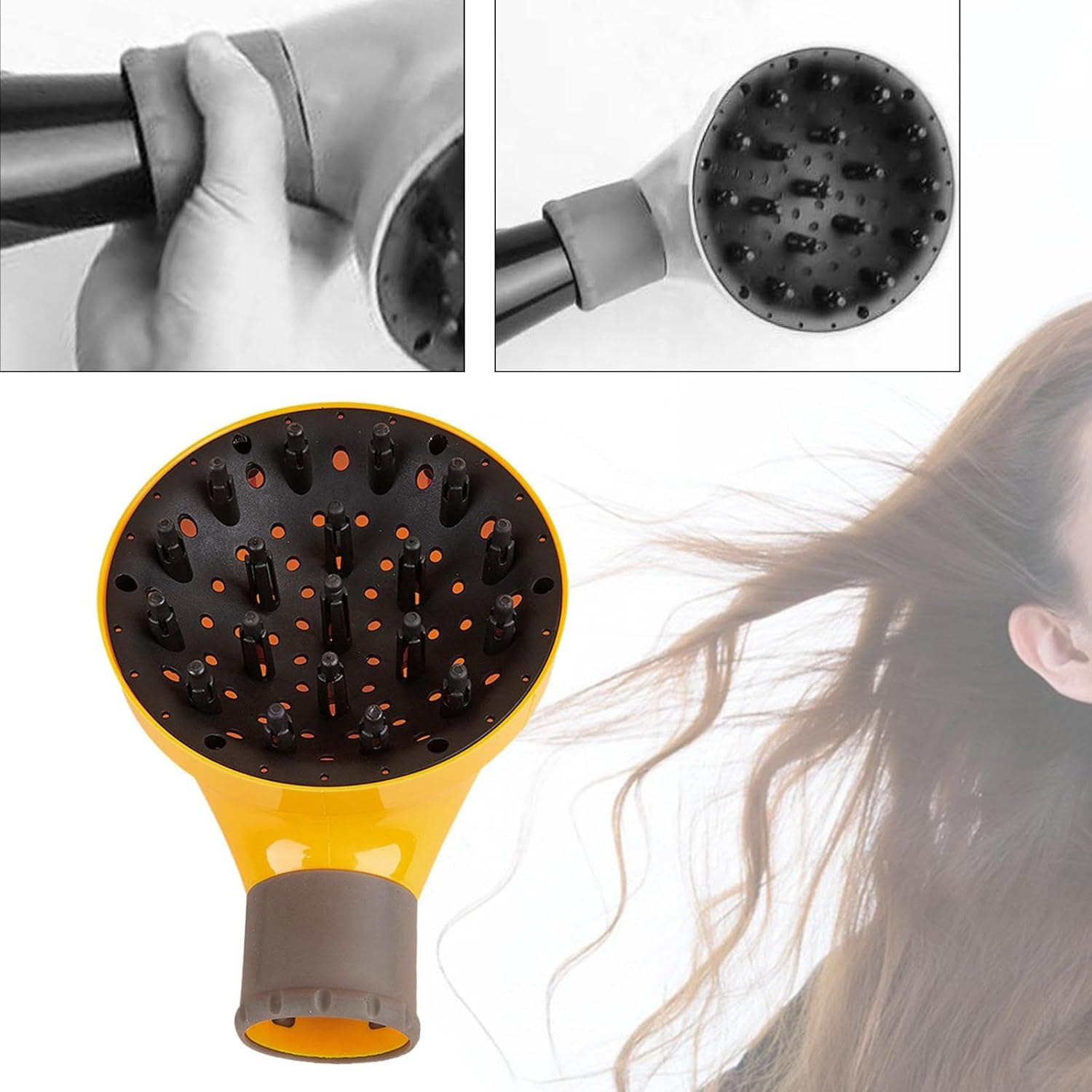 TENOL Dryer Diffuser Hairs Blower Dryer Diffuser Easy to Attach Salon Tool, Yellow image number 3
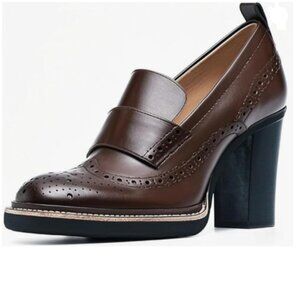 YDN Saddle Brown Chunky High Heels Round Toe Oxford Loafer Dress Pump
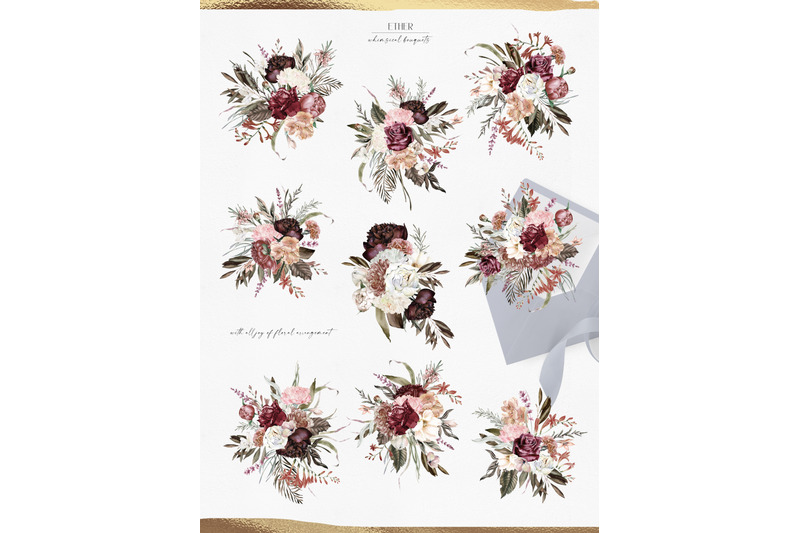 boho-burgundy-bouquets-clipart-watercolor-blush-and-burgundy-wedding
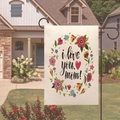 Linen Mother's Day garden flag with floral wreath and I Love You Mom text on metal stand - Colorful Hand Painted Wreath (11)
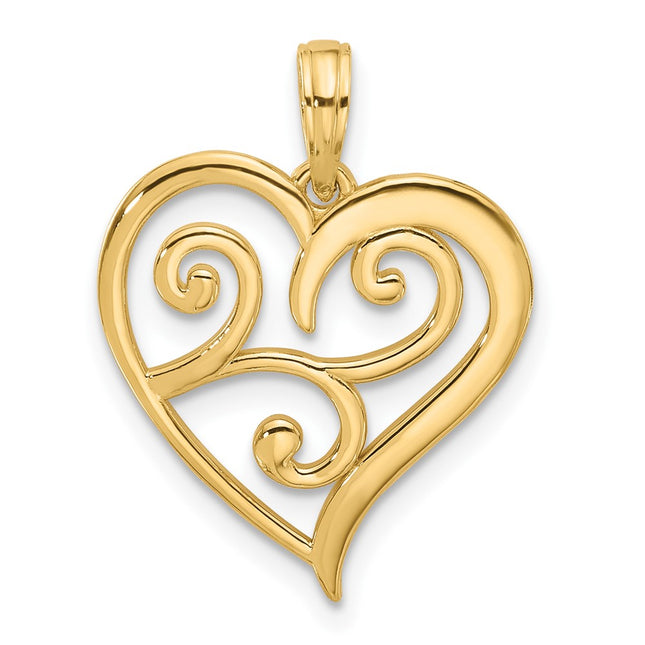 14k Fancy Heart Charm, 23.9 x 18mm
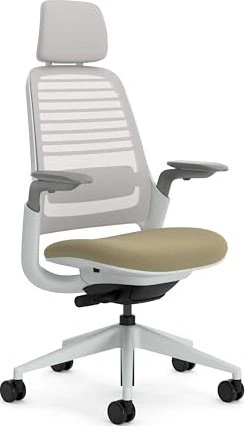 Steelcase Series 1 Bürostuhl mit Kopfstütze, sand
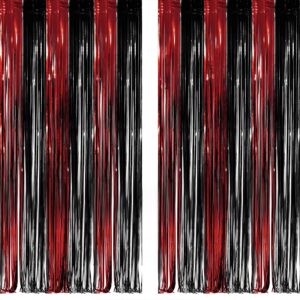 black red party streamers backdrop - greatril foil fringe tinsel for stranger/friday party - 3.2ft x 8.2ft - 2 packs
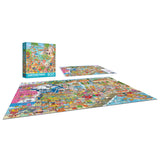 The completed ROSEART-CARTOON CHAOS-HARBOR HILARITY 500-piece jigsaw puzzle is displayed on a flat surface, with its box and an additional view of the playful Cartoon Chaos design shown next to it.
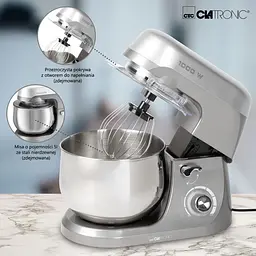 Кухонний комбайн Clatronic KM 3709 тістоміс потужність 1000 Вт чаша 5 літрів - мініатюра 2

▸ EXERCISE DIRECTIONS: Exactly the lines from the line with "black red party" through the last line of the listing, both included, should be extracted, and the pictures left behind.

▸ RESULT FOR THIS TASK:
 black red party streamers backdrop - greatril foil fringe tinsel for stranger/friday party - 3.2ft x 8.2ft - 2 packs
 The completed ROSEART-CARTOON CHAOS-HARBOR HILARITY 500-piece jigsaw puzzle is displayed on a flat surface, with its box and an additional view of the playful Cartoon Chaos design shown next to it.
 Кухонний комбайн Clatronic KM 3709 тістоміс потужність 1000 Вт чаша 5 літрів - мініатюра 2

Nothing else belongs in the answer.